New Stack Maps for Wasmtime and Cranelift

Note: This post was originally published on the Bytecode Alliance blog.

As part of implementing the WebAssembly garbage collection proposal in Wasmtime, which is an ongoing process, we’ve overhauled the stack map infrastructure in Cranelift. This post will explain what stack maps are, why we needed to change them, and how the new stack maps work.

Wasmtime is a lightweight WebAssembly runtime that is fast, secure, and standards-compliant. Cranelift is its compiler backend, which aims to strike a balance between code quality and compile time, while maintaining exceptionally high standards for correctness.
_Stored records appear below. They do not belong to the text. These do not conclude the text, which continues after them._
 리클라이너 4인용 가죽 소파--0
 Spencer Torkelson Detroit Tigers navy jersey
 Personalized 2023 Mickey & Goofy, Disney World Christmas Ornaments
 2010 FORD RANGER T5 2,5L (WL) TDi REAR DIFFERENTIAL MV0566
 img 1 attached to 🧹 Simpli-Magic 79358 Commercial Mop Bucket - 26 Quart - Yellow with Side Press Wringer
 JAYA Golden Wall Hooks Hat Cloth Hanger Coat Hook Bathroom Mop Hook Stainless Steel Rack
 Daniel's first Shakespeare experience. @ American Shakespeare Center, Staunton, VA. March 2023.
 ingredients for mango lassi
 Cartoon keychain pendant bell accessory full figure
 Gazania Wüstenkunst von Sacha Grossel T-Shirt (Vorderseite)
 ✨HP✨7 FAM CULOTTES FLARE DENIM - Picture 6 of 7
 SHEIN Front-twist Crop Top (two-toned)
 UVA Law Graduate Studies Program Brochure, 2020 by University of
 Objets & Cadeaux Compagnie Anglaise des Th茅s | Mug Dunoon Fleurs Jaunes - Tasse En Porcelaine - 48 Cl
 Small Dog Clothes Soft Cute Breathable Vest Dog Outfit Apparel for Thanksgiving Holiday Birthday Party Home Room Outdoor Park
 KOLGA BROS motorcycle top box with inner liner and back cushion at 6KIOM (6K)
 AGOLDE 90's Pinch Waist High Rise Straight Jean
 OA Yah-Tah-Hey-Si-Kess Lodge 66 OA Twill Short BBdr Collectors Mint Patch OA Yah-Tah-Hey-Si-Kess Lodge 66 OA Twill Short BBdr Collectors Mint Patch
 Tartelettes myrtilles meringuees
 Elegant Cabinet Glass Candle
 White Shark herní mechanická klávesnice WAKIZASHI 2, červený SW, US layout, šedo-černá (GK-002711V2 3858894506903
The garbage collection proposal for WebAssembly extends the WebAssembly language with runtime-managed references to structs and arrays.

Background: Garbage Collection, Safepoints, and Stack Maps

In the garbage collection (GC) literature, we call the program that allocates objects and adds or removes edges between them the mutator. It mutates the heap graph.

As the mutator runs, allocating objects and filling up the GC heap, the runtime must eventually perform a GC. But the runtime can’t collect garbage at any arbitrary moment: the mutator might be in the middle of manipulating some objects, keeping them in its stack frame or in registers, and effectively hiding them from the runtime. The runtime must know about all such objects, or else it might reclaim an object that it believes is garbage, but which the mutator is still using, leading to use-after-free bugs. This is where safepoints and stack maps come in.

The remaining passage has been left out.